▶ **GOAL OF THE EXERCISE**
Beneath this line are entries. Copy the range from the line with "Bọng mắt là" to the line with "4 Common Preventive", ends included, exactly; leave pictures out.

▶ **DATA SECTION**
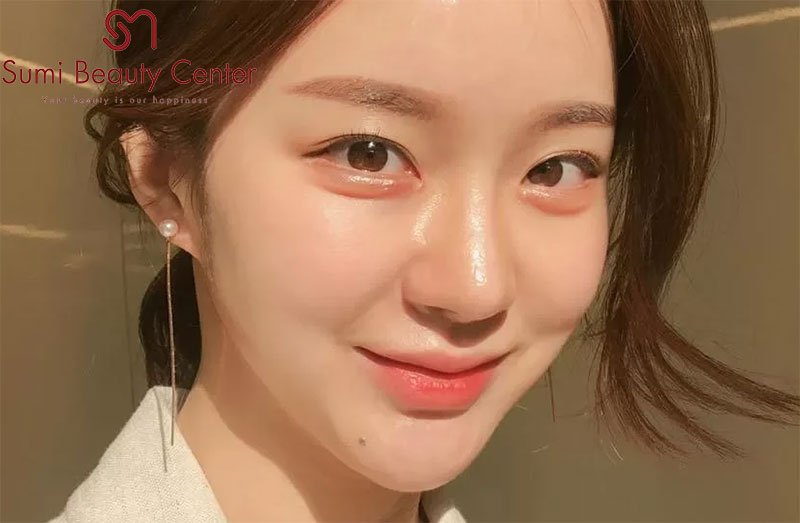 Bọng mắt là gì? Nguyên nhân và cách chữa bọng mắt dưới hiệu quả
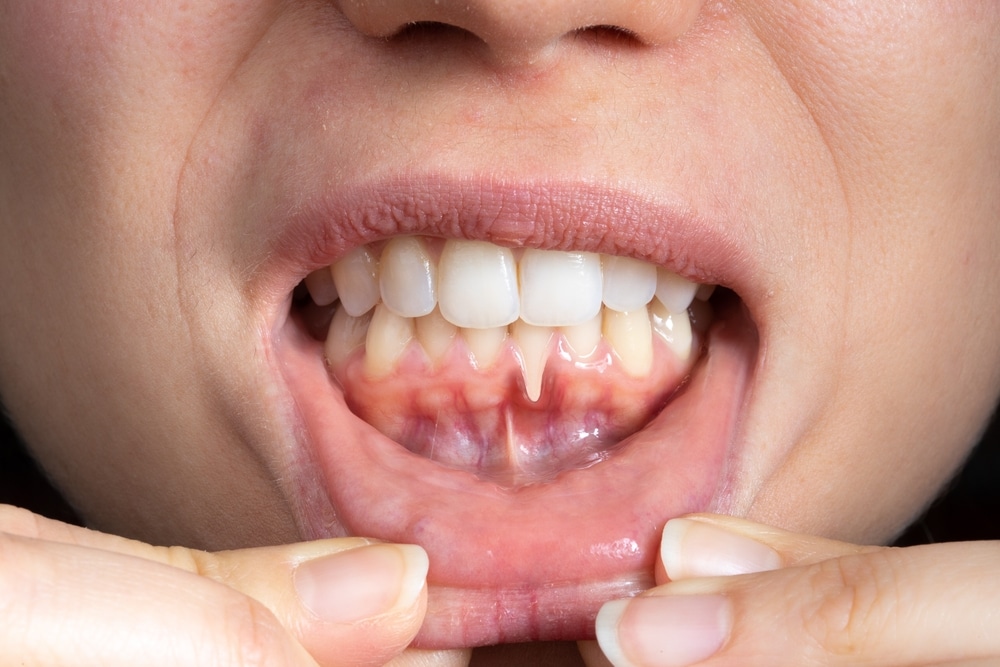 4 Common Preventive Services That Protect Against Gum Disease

* * *

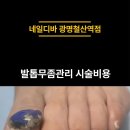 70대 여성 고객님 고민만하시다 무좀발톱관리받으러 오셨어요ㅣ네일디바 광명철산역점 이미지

▶ **RESULT OF THE EXERCISE**
 Bọng mắt là gì? Nguyên nhân và cách chữa bọng mắt dưới hiệu quả
 4 Common Preventive Services That Protect Against Gum Disease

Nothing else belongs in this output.